Lighting are powerful ways of setting the mood of the scene. Low key lighting shows a tension between characters, and makes the audience feel unnerved as we know somethings wrong, without the characters directly saying it. High key lighting sets a betting, uplifting mood of cheerful and energetic. Back lighting are mainly used in horror films to create a mysterious silhouette, to make the audience feel uneasy and like something bad is going to happen.

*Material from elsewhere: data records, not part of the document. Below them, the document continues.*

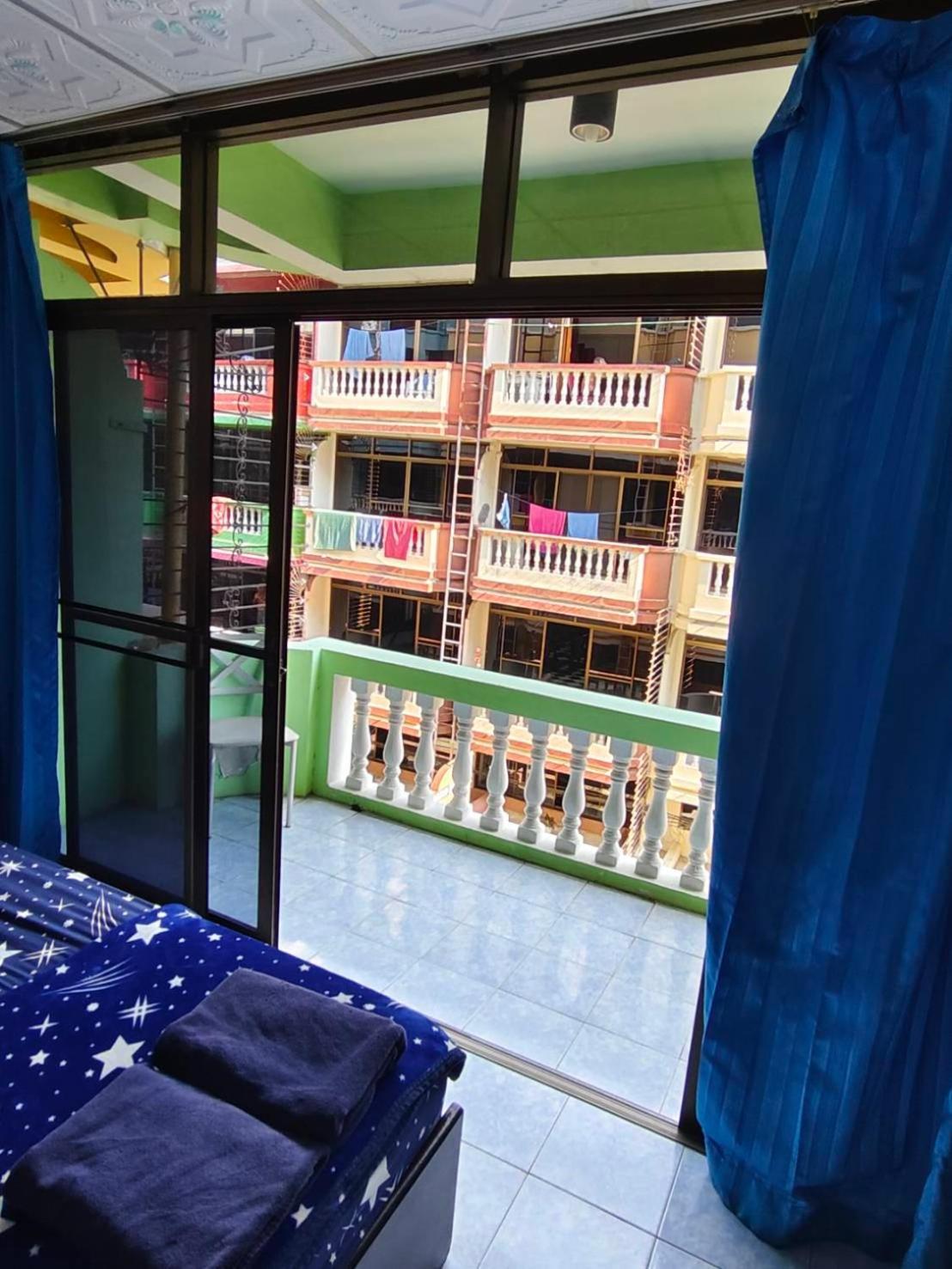 Yuri Guesthouse Jomtien Beach Εξωτερικό φωτογραφία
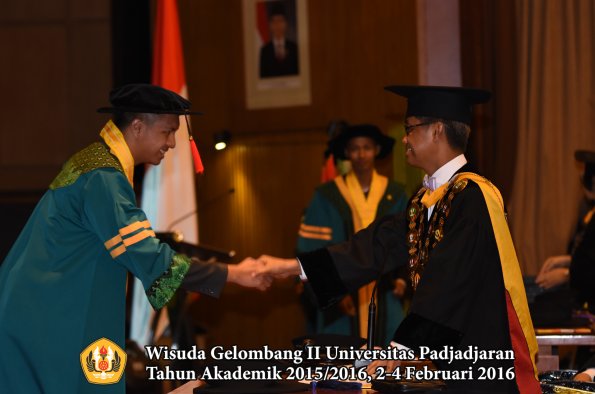 Wisuda Unpad Gel II TA 2015_2016  Fakultas Hukum oleh Rektor 012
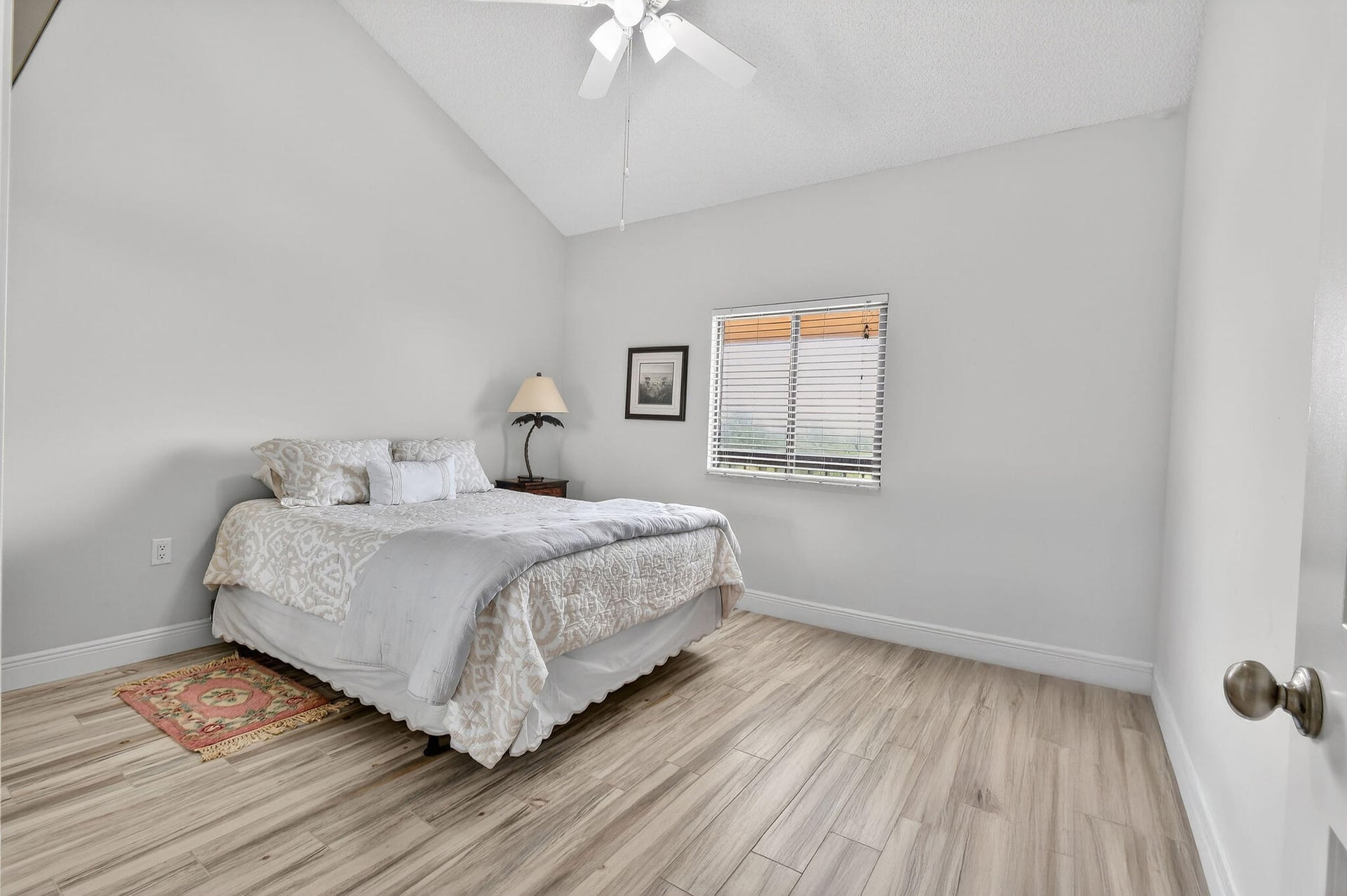 Unit 504 photo 35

Colours can also set the mood of the scene. For instance, if the colours are bright and warm, like pink and yellow, that means it a nice good mood. But, if the colours are red, or dark colours, it sets a bad mood for that audience. However, it’s not always the case. They also can show flash backs, which the colours are usually black and white. And also time passing, as you know in the day time it’s very bright, but at night it’s dark, which signifies the time passing between day and night.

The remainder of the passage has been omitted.